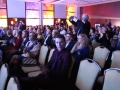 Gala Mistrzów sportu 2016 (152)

################

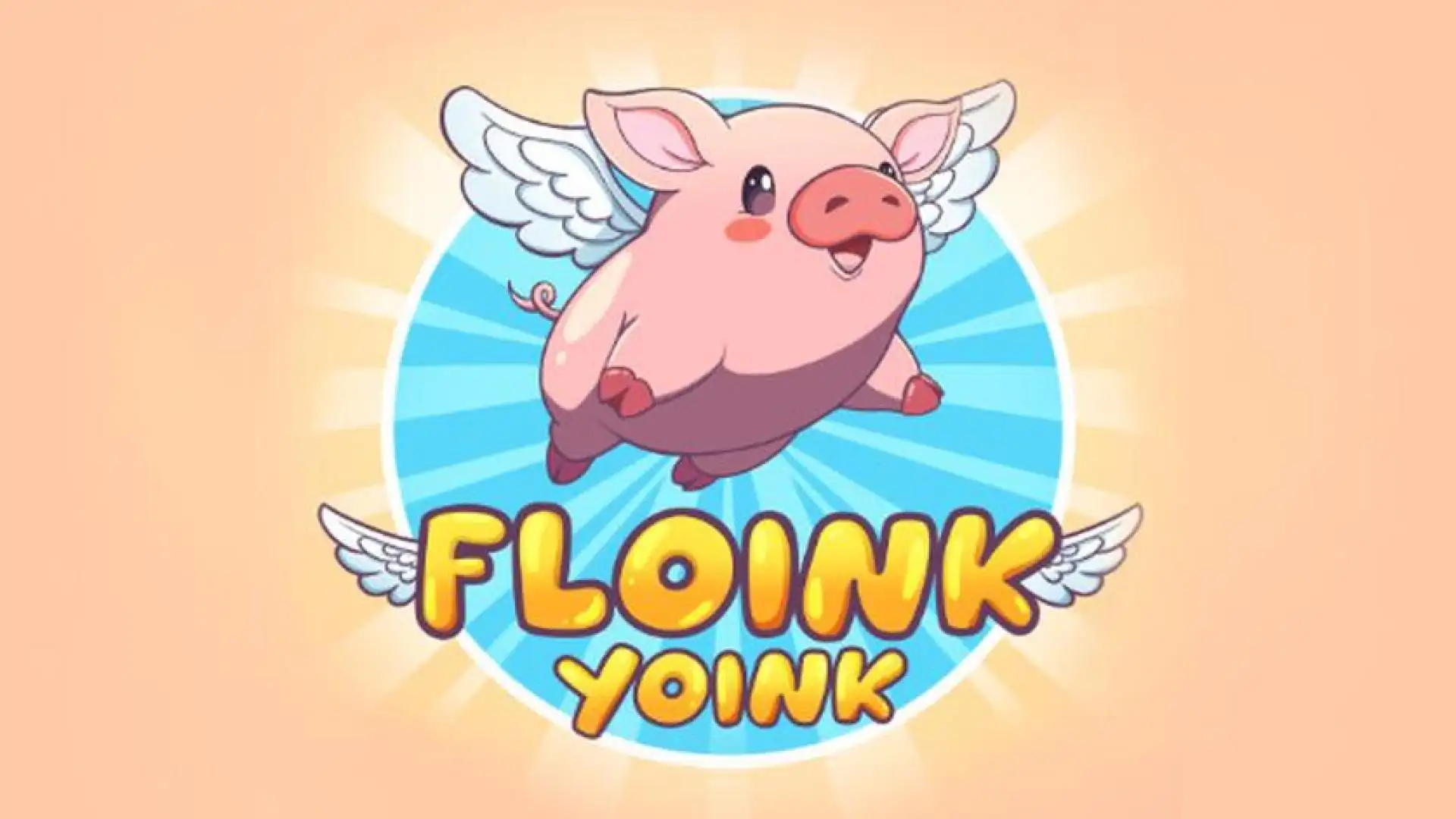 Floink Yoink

################

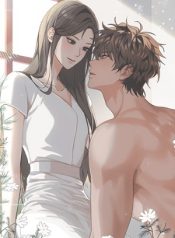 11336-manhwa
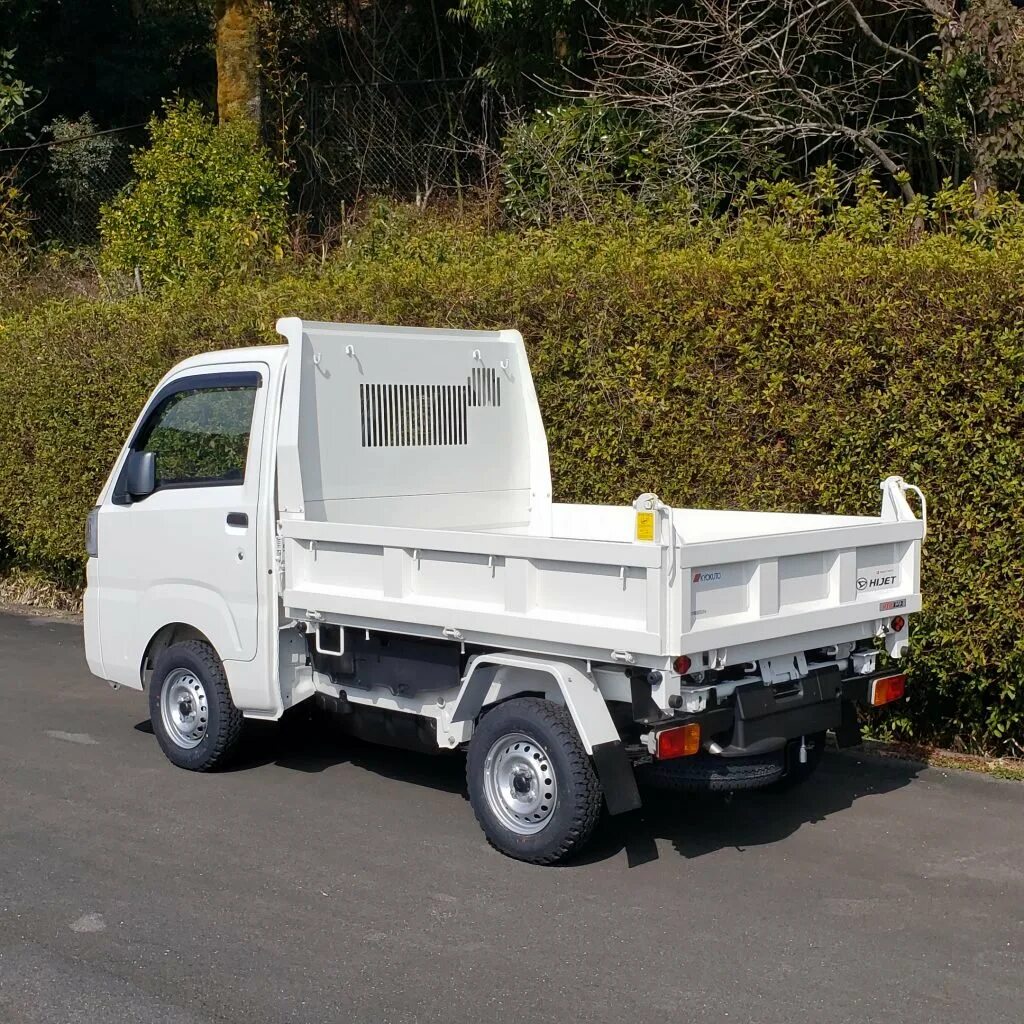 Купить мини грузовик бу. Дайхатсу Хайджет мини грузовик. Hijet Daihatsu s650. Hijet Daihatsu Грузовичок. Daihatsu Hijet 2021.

################

◆ EXERCISE BRIEF ◆
Although pictures appear among the records above, none are to be output; print exactly the lines from the line containing "11336-manhwa" through the line containing "Купить мини грузовик".

◆ EXERCISE ANSWER ◆
 11336-manhwa
 Купить мини грузовик бу. Дайхатсу Хайджет мини грузовик. Hijet Daihatsu s650. Hijet Daihatsu Грузовичок. Daihatsu Hijet 2021.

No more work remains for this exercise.